これで自宅でのエレンタールでの栄養療法も
困らない。
退院した時のトイレの回数は6~7回と、
入院した時より半分以下に減っていて
身体はずいぶん楽になっていた。
明日からは仕事がスタートする。
一番気になるのはトイレの問題だ。
お客さんに会っているタイミングで
トイレに行きたくなったらどうするか?
そんな要らぬ心配をしてしまうのだが、
考えてもしょうがない。。
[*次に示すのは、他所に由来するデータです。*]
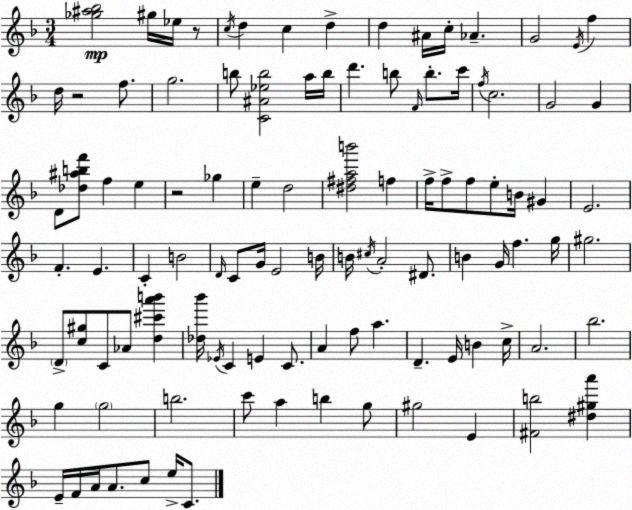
X:1
T:Untitled
M:3/4
L:1/4
K:F
[_g^a_b]2 ^g/4 _e/4 z/2 c/4 d c d d ^A/4 c/4 _A G2 E/4 f d/4 z2 f/2 g2 b/2 [C^A_eb]2 a/4 b/4 d' b/2 F/4 b/2 c'/4 f/4 c2 G2 G D/2 [_d^abf']/2 f e z2 _g e d2 [^d^fab']2 f f/4 f/2 f/2 e/2 B/4 ^G E2 F E C B2 D/4 C/2 G/4 E2 B/4 B/4 ^c/4 A2 ^D/2 B G/4 f g/4 ^g2 D/2 [c^g]/2 C/2 _A/2 [d^c'a'b'] [_d_b']/4 _E/4 C E C/2 A f/2 a D E/4 B c/4 A2 _b2 g g2 b2 c'/2 a b g/2 ^g2 E [^Fb]2 [^d^ga'] E/4 F/4 A/4 A/2 c/2 e/4 C/2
。
絶食してエレンタールを続けて
トイレの回数が減っていくことに
期待するしかない。
ボクは、そんなことを考えながら
自宅に帰ってきて初のエレンタールを
スタートさせた。
2002年6月25日。
ボクは久しぶりに仕事復帰した。
仕事の話はさておき、ここから約3年間
ボクはエレンタールのみの絶食生活に
入る。
もちろん食べれる日が来るとは
このとき思っていなかったのだが…。
『いつか食べれる日がくれば…』
どこかで食べれる日が来ることを期待は
していた。
でも、入院しているときに女性医師から
『クローン病は食べれない病気と思って
いたほうが良い』と言われたことが
頭から離れていなかったのも事実。
食べれるという気持ちを無くすよう
ボクは腹をくくった。
食への欲求を仕事への欲求に変えて
いったのだ。
幸い、二週間の入院と入院前の一週間、
絶食を続けてきたこと、入院中の点滴で
体調が良くなってきたことにより、
マイナス的な思考は無くなってきていた。
よく『気合で…』なんて言うけれど、
体調不良、体力がなくなると『気合』も
入らないものだ。
絶食してエレンタール生活を続けることで
トイレの回数も徐々に1日3~5回くらいに
なってきて、生活リズムもできてきた。
エレンタールは1,800kcal摂取。
ただエレンタールを摂取していても
空腹感だけ消えることはない。
そのため日々の生活に飴と
100%アップルジュースは欠かせない。
特に甘い飴が空腹感にちょうど良かった
のだが、何せ食べ過ぎると虫歯に
なりそうだ。
なので、食べすぎに注意した。
退院して一ヶ月くらい経ち、トイレの
回数も1日3回くらいになった頃、
エレンタールの摂取量を2,100kcalに
して、さらに2,400kcalまで上げていく
ことを目標にした。
エレンタールも、慣れないと浸透圧の
関係で下痢しやすいと言われてる。
ただボクの場合は慣れてきたし、
トイレの回数も減ってきている。
ここでカロリーアップしたい。
というのも、体重を増やしたい気持ちが
強くなったからだ。
49kgになった体重も、この時52kg
くらいに増えてきていた。
『エレンタールで体重増えていくなんて
凄いな…』
と最初は思ったが、冷静に考えたら
1,800kcal摂取しているのだから当たり前
のことなんだけど。。。
ボクにとっては嬉しい出来事だった。
なぜなら体重を増やしたかったから…。
そこで先ほど言ったカロリー数をアップ
していこう!だ。
2,400kcalというとエレンタールは
8袋の粉末を溶いて2,400ml。
数字にするとすごい量だ。
「食べれないの辛いね…」
とだいたいの人が言う。
確かに考え方によっては食べれないのは
辛いのかもしれないが、腹をくくっていた
ボクは、このとき辛いとは思って
いなかった。
それよりも、エレンタールで体重が増えて
いくこと。そしてトイレに行く回数が
減ってきて、体調が良くなってきている
実感ができて、嬉しい気持ちのほうが強く
なってきていた。
むしろ仕事が終わって自宅に戻り、
エレンタールをする毎日が少し楽しくなって
きていたのである。
体調が良くなってきて困った問題が
1つ出てきた。
それは、一ヶ月以上止めていたタバコが
吸いたくなり、コーヒーも飲みたくなって
きたのだ。
タバコとコーヒーは、クローン病に
良くないと言われている。
わかってはいるのだが、体調が良好に
なるにつれ、その気持ちはどんどん
高まっていくばかりだった。。。